## Directions for this task
Copy out each line of the data below in which "Disposable" appears.

[Records contained in a dataset]
*** Begin section ***

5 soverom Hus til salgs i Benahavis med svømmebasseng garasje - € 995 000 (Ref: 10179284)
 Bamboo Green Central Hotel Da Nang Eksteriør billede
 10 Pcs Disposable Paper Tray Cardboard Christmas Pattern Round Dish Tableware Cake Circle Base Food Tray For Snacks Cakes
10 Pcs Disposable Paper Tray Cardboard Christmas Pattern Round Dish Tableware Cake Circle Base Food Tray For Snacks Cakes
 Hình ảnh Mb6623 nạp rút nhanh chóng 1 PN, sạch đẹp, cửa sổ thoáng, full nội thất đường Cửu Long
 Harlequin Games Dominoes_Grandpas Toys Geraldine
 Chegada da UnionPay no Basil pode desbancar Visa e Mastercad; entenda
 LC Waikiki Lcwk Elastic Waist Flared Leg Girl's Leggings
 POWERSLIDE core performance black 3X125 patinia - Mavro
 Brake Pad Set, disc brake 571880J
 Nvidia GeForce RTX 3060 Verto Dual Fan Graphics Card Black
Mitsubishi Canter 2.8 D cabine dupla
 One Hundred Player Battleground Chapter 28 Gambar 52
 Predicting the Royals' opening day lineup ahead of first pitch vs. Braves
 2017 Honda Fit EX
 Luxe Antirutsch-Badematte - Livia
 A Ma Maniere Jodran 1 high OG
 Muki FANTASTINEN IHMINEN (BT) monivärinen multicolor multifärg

*** End section ***

## Solution to this exercise
 10 Pcs Disposable Paper Tray Cardboard Christmas Pattern Round Dish Tableware Cake Circle Base Food Tray For Snacks Cakes
10 Pcs Disposable Paper Tray Cardboard Christmas Pattern Round Dish Tableware Cake Circle Base Food Tray For Snacks Cakes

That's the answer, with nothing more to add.